### The problem
Exactly the lines from the start of the entries through the line with "Light green silicone" are required in the output, with no pictures among them.

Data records
• • • • • • •

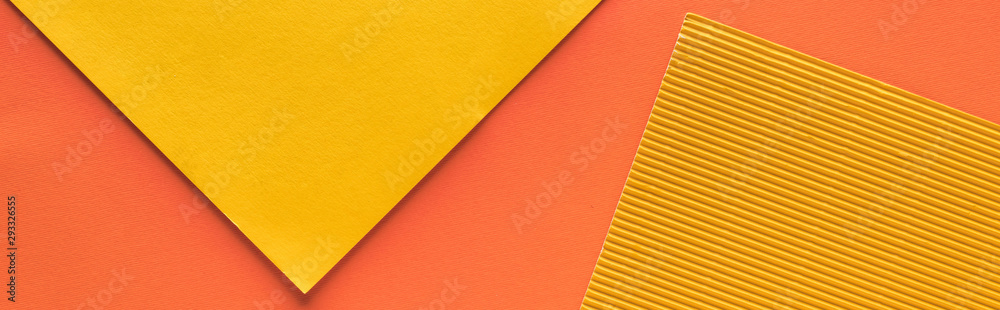Fototapeta premium top view of yellow and orange background with copy space, panoramic shot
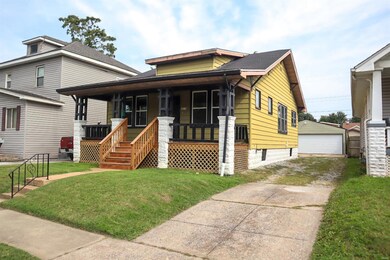 Driveway & view of 2-car garage.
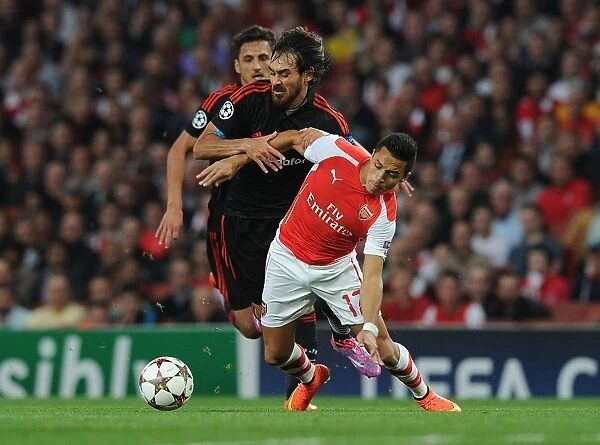 Arsenal's Alexis Sanchez Fouls Olcay Sahan of Besiktas in UEFA Champions League Qualifier
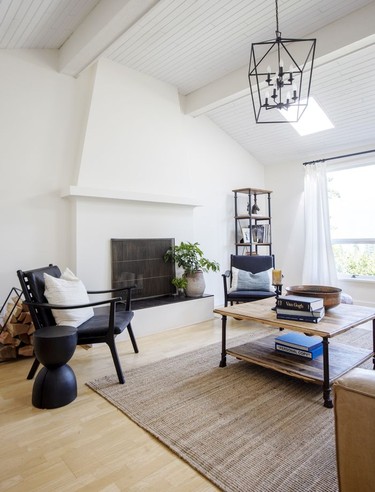 The living room features a wood-burning fireplace and sleek furniture that complements the mid-century lines of the home; accents are in warm earth tones and natural textures.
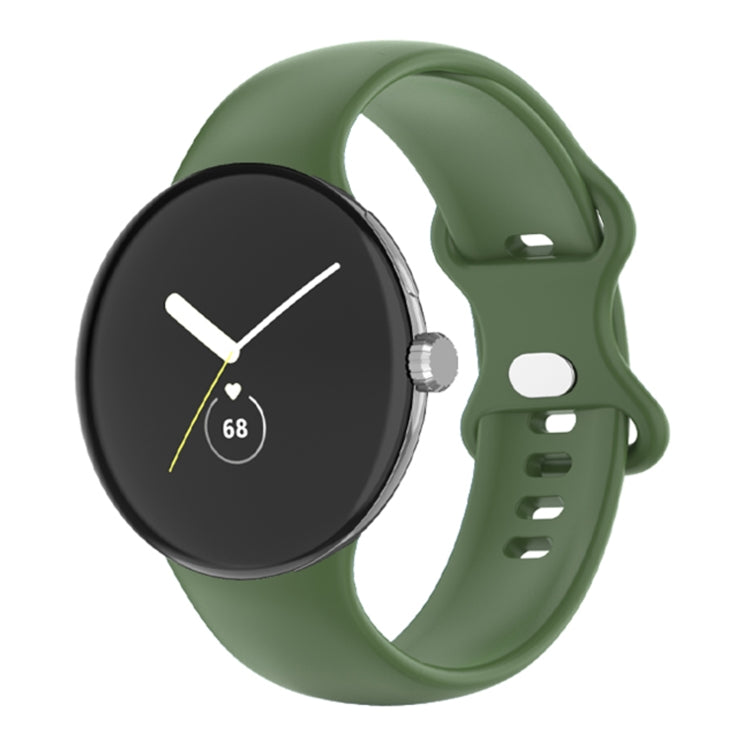 Light green silicone watch band with perforated holes and clasp, shown on a round watch case.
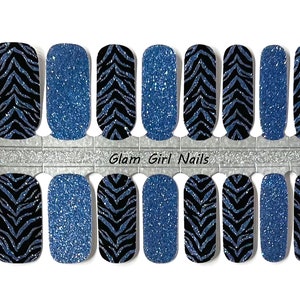 May include: A sheet of 10 blue and black nail wraps with a zebra print design. The nail wraps are arranged in two rows of five. The text "Glam Girl Nails" is printed on the sheet.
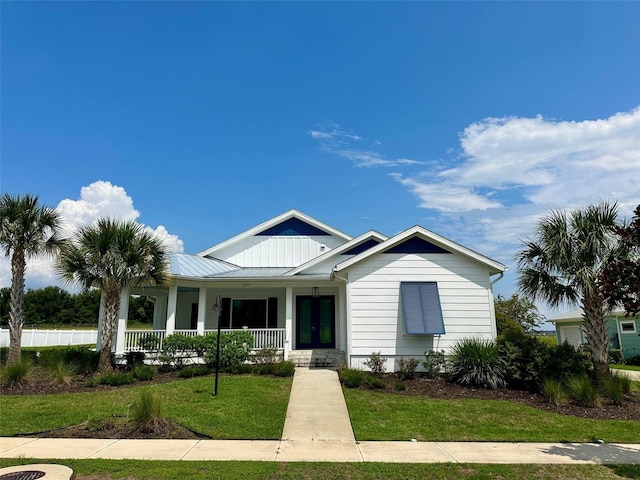 1077 Sugar Loaf Key Loop, Lady Lake, FL 32159 - view of front of property featuring covered porch, a front yard, a standing seam roof, french doors, and a metal roof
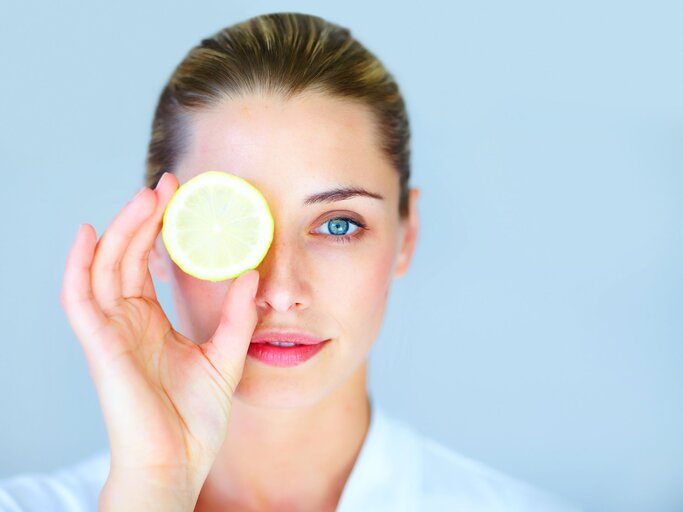 Frau hält sich eine aufgeschnittene Zitrone vor ein Auge | © iStock.com / GlobalStock
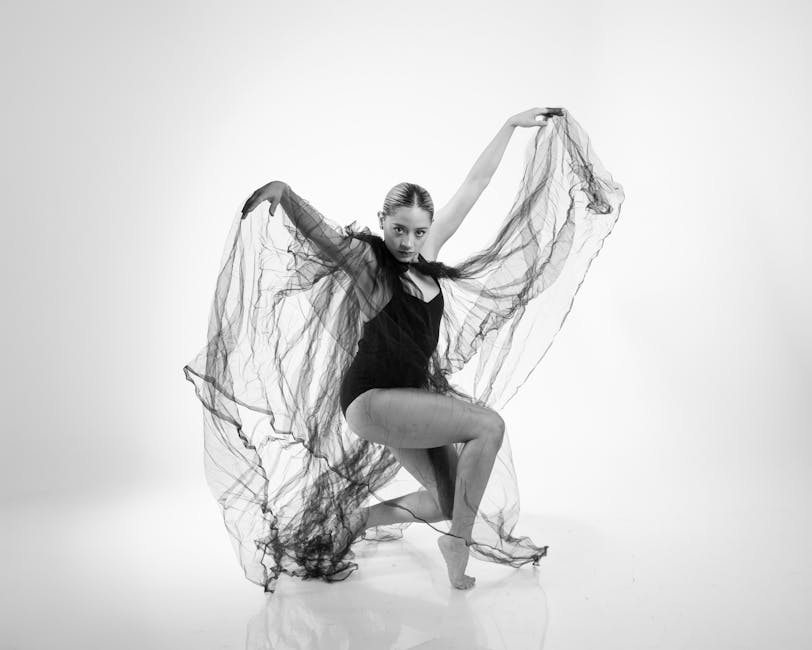 Artistic black and white portrait of a female dancer in a dynamic pose with flowing fabric.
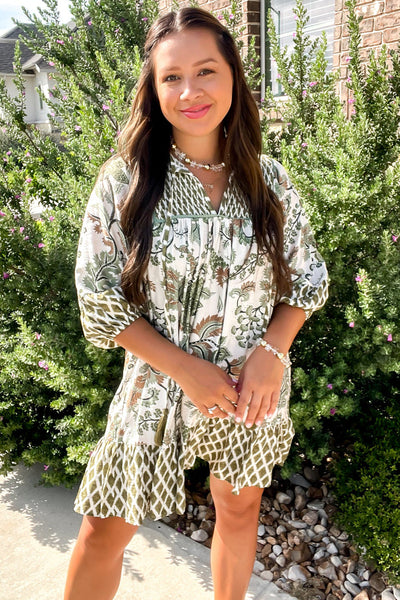 Plus Size Women's Green Floral Mini Dress with Tie Neck, Half Sleeves, and Relaxed Fit for Effortless Spring Style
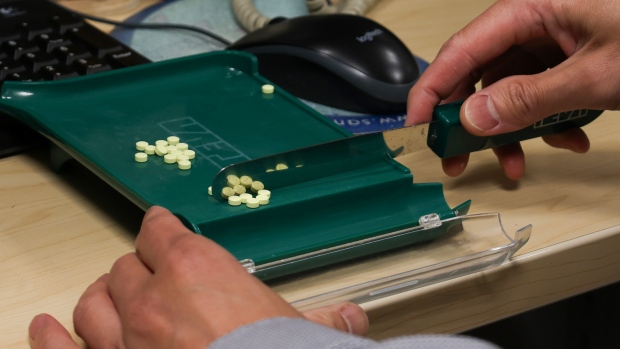 $4M worth of prescription opioids disappeared from an Ontario pharmacy. No one can say where they went; Hands move prescription medication in a tray near a mouse and landline phone\. 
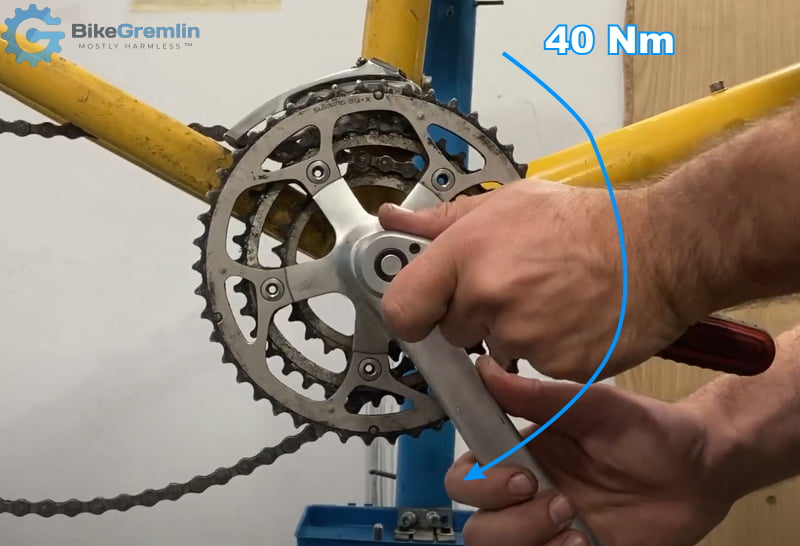 Slide the crank over the spindle, thread in the tightening bolt by hand, and tighten it to 40 Nm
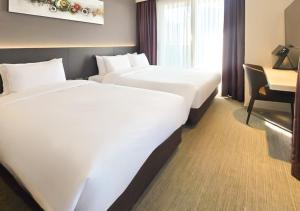 a hotel room with two beds and a desk at Kinstay Hotel in Goyang
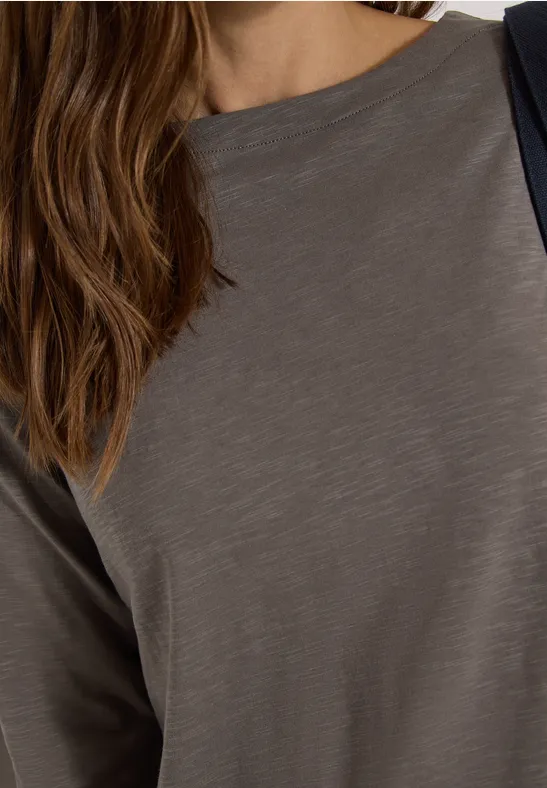 Frau in schlichtem grauen Langarmshirt mit weitem Rundhalsausschnitt.
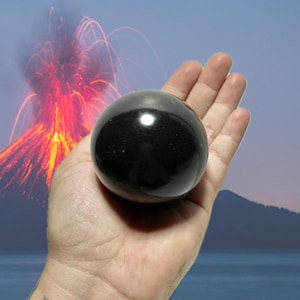 May include: A polished, black sphere held in an open hand. The sphere reflects light, creating a bright spot on its surface. The background features a volcano erupting with red and orange flames, and a blue sky.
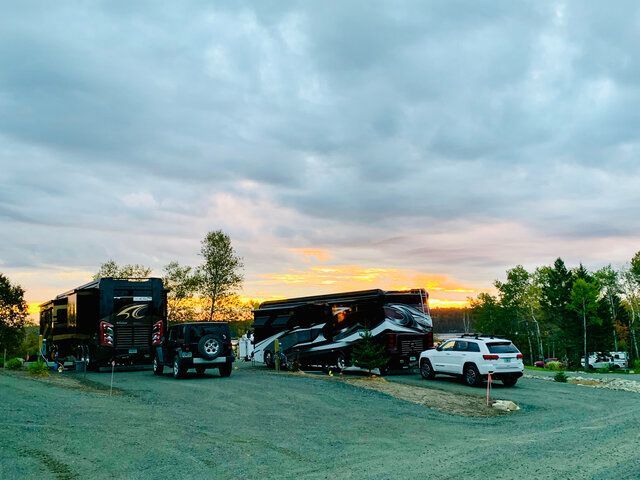 Two RVs and two SUVs parked at a campsite during sunset, with a cloudy sky and orange and yellow hues.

• • • • • • •

### Task result
Fototapeta premium top view of yellow and orange background with copy space, panoramic shot
 Driveway & view of 2-car garage.
 Arsenal's Alexis Sanchez Fouls Olcay Sahan of Besiktas in UEFA Champions League Qualifier
 The living room features a wood-burning fireplace and sleek furniture that complements the mid-century lines of the home; accents are in warm earth tones and natural textures.
 Light green silicone watch band with perforated holes and clasp, shown on a round watch case.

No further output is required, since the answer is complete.